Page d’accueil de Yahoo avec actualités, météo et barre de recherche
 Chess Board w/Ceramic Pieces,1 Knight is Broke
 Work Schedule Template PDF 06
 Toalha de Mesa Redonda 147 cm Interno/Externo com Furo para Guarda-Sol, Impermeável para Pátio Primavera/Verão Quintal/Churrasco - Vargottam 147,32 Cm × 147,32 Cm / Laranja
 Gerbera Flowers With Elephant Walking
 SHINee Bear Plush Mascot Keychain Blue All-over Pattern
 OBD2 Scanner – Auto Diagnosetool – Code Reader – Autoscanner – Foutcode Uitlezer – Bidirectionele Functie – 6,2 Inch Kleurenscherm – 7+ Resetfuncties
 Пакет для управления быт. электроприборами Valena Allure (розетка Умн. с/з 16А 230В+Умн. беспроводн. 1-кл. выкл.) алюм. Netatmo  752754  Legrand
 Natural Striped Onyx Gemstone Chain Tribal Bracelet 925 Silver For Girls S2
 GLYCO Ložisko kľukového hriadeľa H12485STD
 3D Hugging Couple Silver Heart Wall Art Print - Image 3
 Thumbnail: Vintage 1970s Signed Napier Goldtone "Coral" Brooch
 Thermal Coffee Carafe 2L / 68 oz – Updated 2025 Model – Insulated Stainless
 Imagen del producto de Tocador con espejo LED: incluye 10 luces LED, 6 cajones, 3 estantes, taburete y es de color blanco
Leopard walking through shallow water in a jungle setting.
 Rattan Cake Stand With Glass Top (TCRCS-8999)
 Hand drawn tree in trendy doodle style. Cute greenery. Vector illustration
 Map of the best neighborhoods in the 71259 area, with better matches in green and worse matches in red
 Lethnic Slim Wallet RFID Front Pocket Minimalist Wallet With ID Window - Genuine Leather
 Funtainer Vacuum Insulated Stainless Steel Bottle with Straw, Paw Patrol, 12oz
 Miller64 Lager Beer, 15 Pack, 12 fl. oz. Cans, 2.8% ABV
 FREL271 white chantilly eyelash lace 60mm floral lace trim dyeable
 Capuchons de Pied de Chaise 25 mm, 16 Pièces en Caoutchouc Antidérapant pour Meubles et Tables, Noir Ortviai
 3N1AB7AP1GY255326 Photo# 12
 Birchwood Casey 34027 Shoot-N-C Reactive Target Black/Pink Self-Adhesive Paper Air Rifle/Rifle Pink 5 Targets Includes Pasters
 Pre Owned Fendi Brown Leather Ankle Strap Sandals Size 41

→ **Instructions to follow**: Look above for the line containing "Natural Striped Onyx". Output from there through the line containing "Rattan Cake Stand", exactly and inclusively.

→ **Final answer**:
 Natural Striped Onyx Gemstone Chain Tribal Bracelet 925 Silver For Girls S2
 GLYCO Ložisko kľukového hriadeľa H12485STD
 3D Hugging Couple Silver Heart Wall Art Print - Image 3
 Thumbnail: Vintage 1970s Signed Napier Goldtone "Coral" Brooch
 Thermal Coffee Carafe 2L / 68 oz – Updated 2025 Model – Insulated Stainless
 Imagen del producto de Tocador con espejo LED: incluye 10 luces LED, 6 cajones, 3 estantes, taburete y es de color blanco
Leopard walking through shallow water in a jungle setting.
 Rattan Cake Stand With Glass Top (TCRCS-8999)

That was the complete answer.